AIM OF THE TASK:
Would you transcribe the entries below, beginning at the line with "石油ファンヒーター　MITSUBISHIの画像" and ending after the line with "Calen | Vintage-Lederrucksack", exactly, with no picture and nothing more?
=== Section Start ===
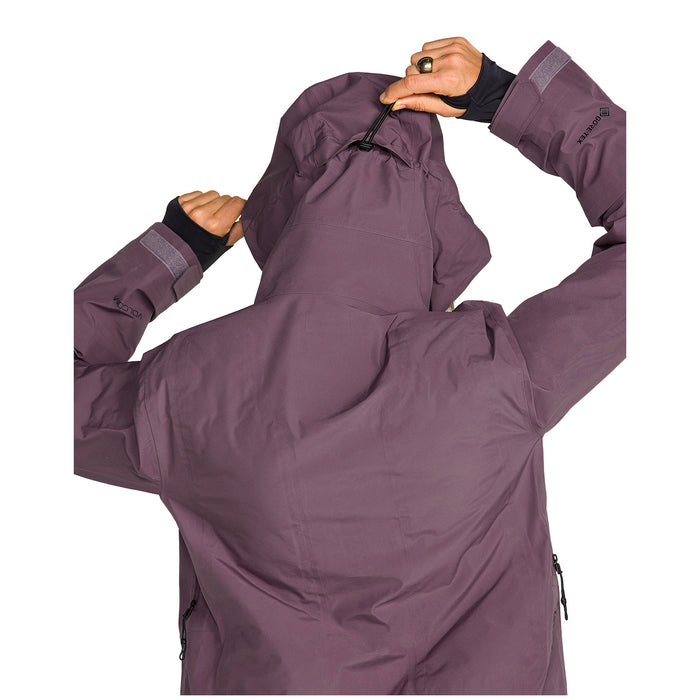 Volcom KOA TDS INF GORE-TEX Jacket - Women's Arctic Dust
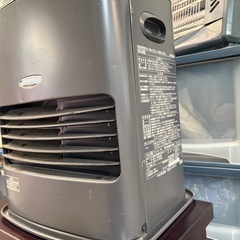 石油ファンヒーター　MITSUBISHIの画像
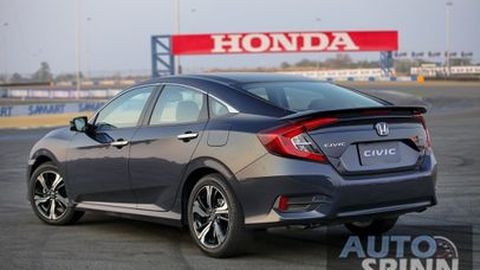[First Impression] 2016 Honda Civic VTEC Turbo ขับสนุกกว่าเดิม เพิ่มเติมความมั่นใจแบบเต็มถัง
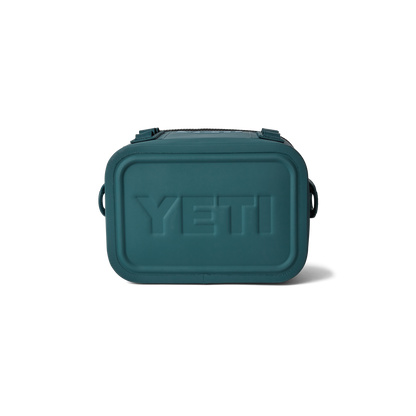 YETI Hopper Flip 8 Soft Cooler | Agave Teal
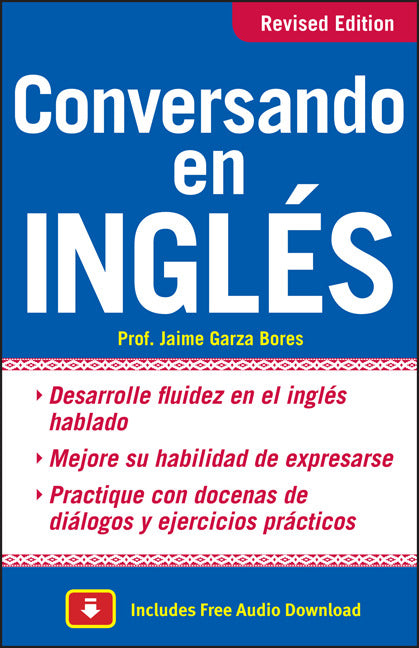 Conversando En Ingles Third Edition 3e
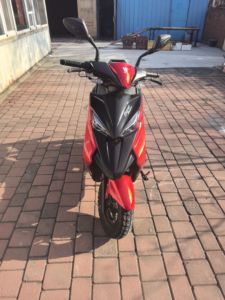 二手豪爵Super Eagle 125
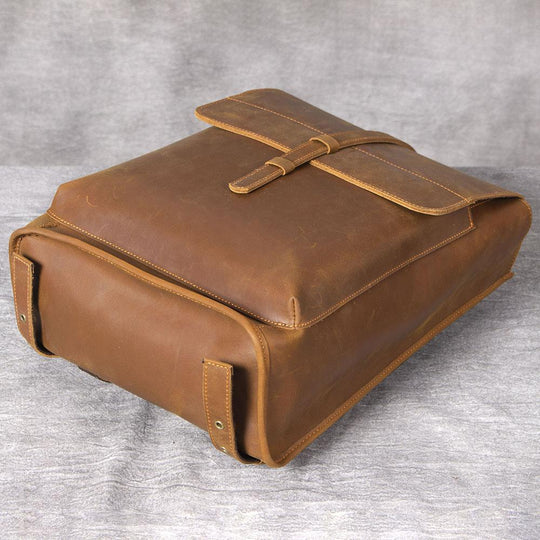 Calen | Vintage-Lederrucksack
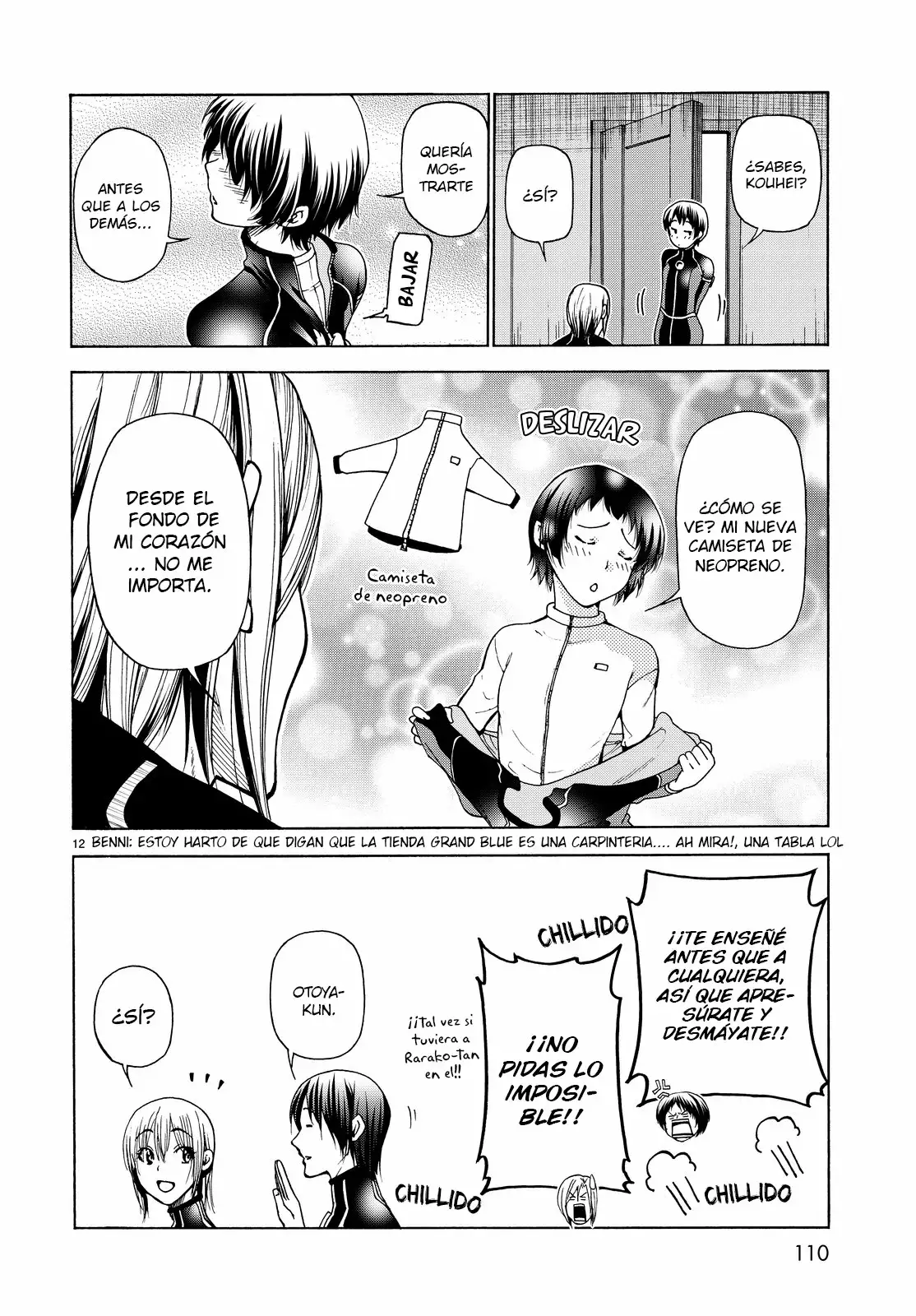 Página 13 del Manga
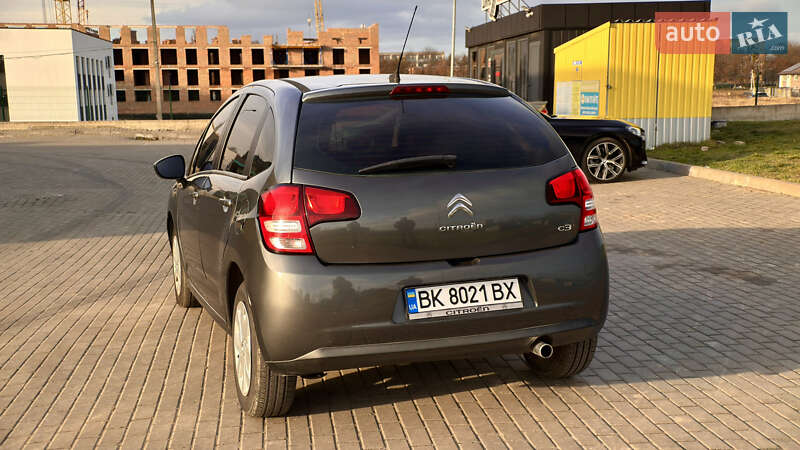 Хэтчбек Citroen C3 2012 в Ровно фото 3 Хэтчбек Citroen C3 2012 в Ровно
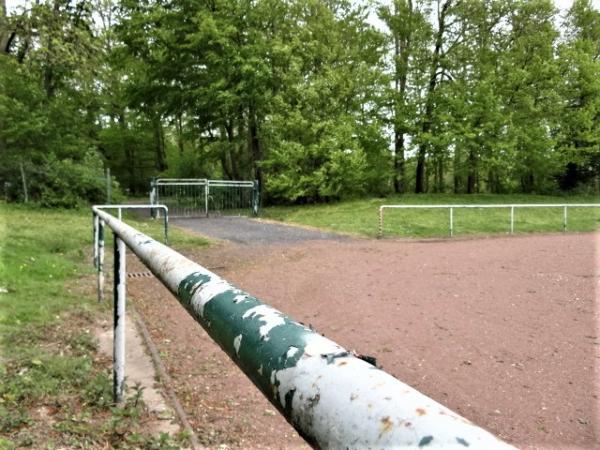 Stadion Am Hohen Busch Nebenplatz 3 - Viersen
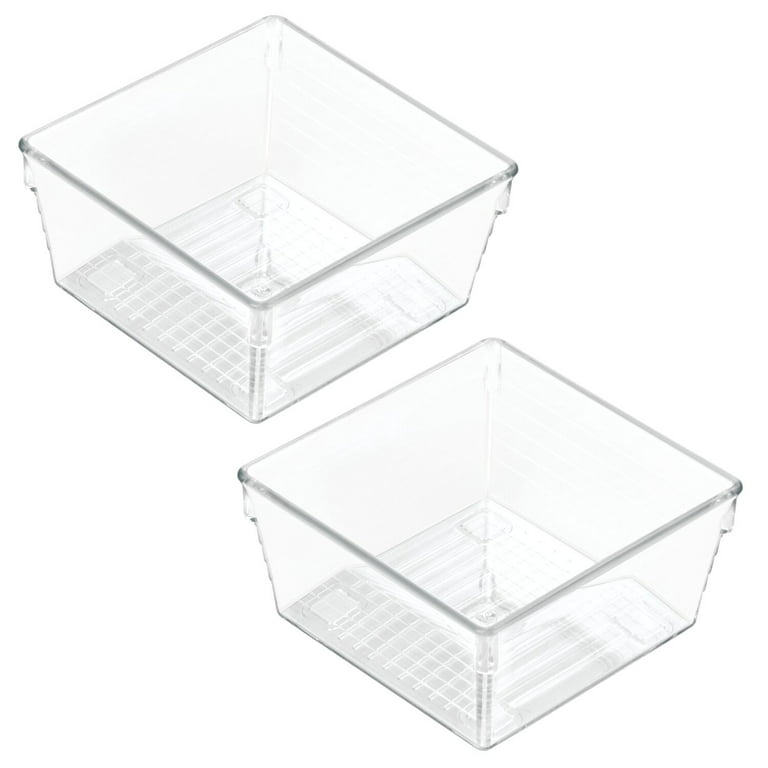 Plastic Tray Insert, 4 Section, for Shallow Trays, Pack of 6, FREE SHI -  NextGen Furniture, Inc.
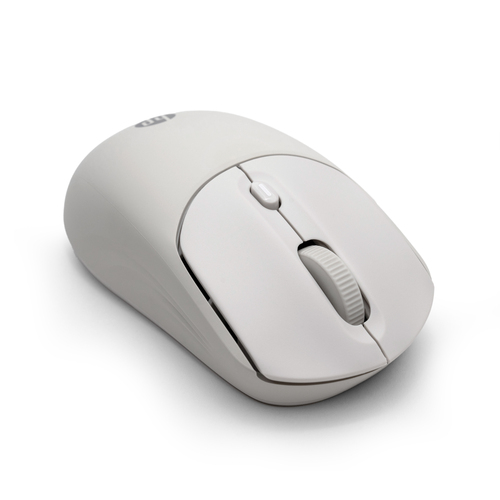 HP 400 Quiet Maple Wireless Mouse, Ambidextrous, RF Wireless + Bluetooth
=== Section End ===
SOLUTION TO THIS TASK:
 石油ファンヒーター　MITSUBISHIの画像
[First Impression] 2016 Honda Civic VTEC Turbo ขับสนุกกว่าเดิม เพิ่มเติมความมั่นใจแบบเต็มถัง
 YETI Hopper Flip 8 Soft Cooler | Agave Teal
 Conversando En Ingles Third Edition 3e
 二手豪爵Super Eagle 125
 Calen | Vintage-Lederrucksack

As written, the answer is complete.